My mother-in-law backed up my impression: “Nobody gets rich, but nobody cares. People are here to be happy, not rich.”
That sounds like retirement to me, and why wait until you’re old to enjoy it? Vox reports:
Seven in 10 Americans are disengaged from their jobs, according to Gallup. That’s more than two-thirds of us who are unfulfilled by our work, just dragging our sorry selves to and from the office every day.
One community has an attractive answer: just quit.
A burgeoning online community advocates early retirement. And they’re not talking about people quitting in their 50s or early 60s. They mean retiring before age 40 — perhaps even in their 20s.
How do you do it? Deferred gratification. You prioritize saving above all else.
aggressive saving is far more important than any investment wizardry, says one early retiree.
“Even if we put 100 percent of our savings into bonds, we still could have achieved it,” says Paul Novell, 46, who retired from a career as an electrical engineer at 38 and lives with his wife, Nina Fussing, in an RV (currently they are in Bend, Oregon).

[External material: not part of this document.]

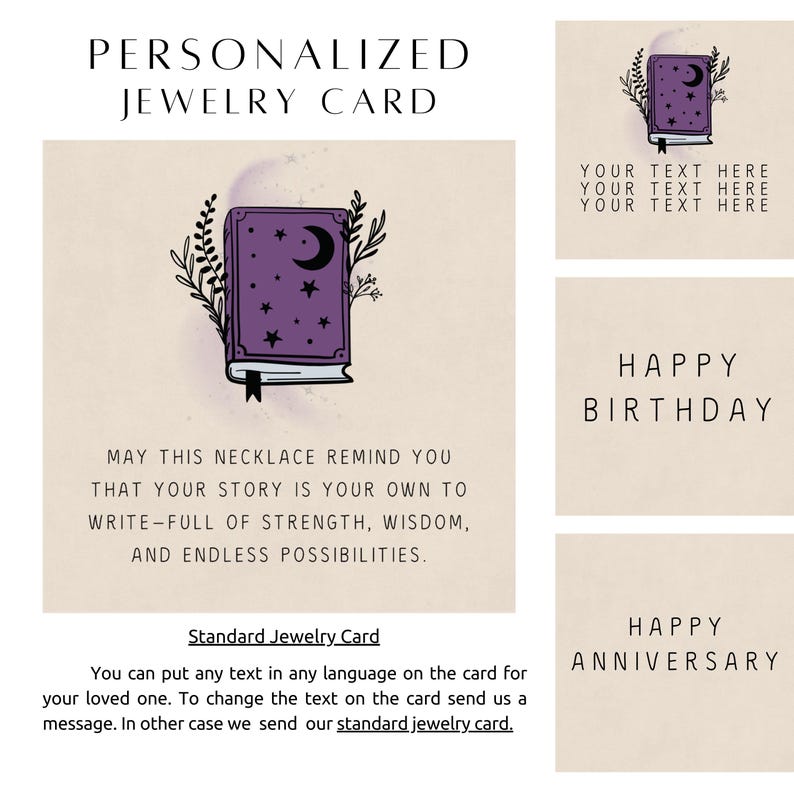 Pu&ograve; includere: Una carta di gioielli personalizzata con un'illustrazione di un libro viola con una luna crescente e stelle. La carta include opzioni di testo per compleanni e anniversari e la possibilit&agrave; di aggiungere testo personalizzato.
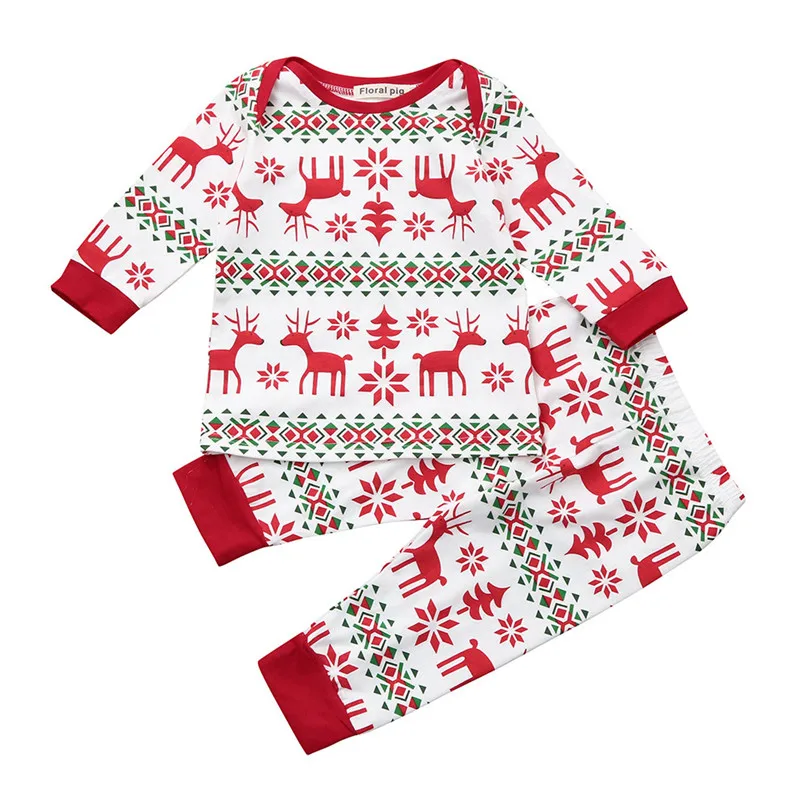 

Christmas Clothes 2PCS Kids Clothes Toddler Kids Baby Boy Girls Deers Printed Long Sleeve Tops+Pants Set Clothes Baby Set JY16#N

Because you don’t have a lot of years to work before you retire, he says, aiming for huge returns to create that nest egg is misguided — he considers investing far less important than cutting back on expenses.
Americans’ biggest expenses are the ones to cut back on: housing, transportation, and food.
“While many of my coworkers were maybe leasing a new BMW SUV, I sold my car and started riding my bike. And when one of my coworkers was spending $50,000 remodeling his kitchen, we moved into a small apartment that was in a very walkable neighborhood,” says Jacobson, who along with his wife, Winnie Tseng, blogs about the early retirement life at Go Curry Cracker. Likewise, he says, Tseng learned how to cook well enough that they started eating out far less. …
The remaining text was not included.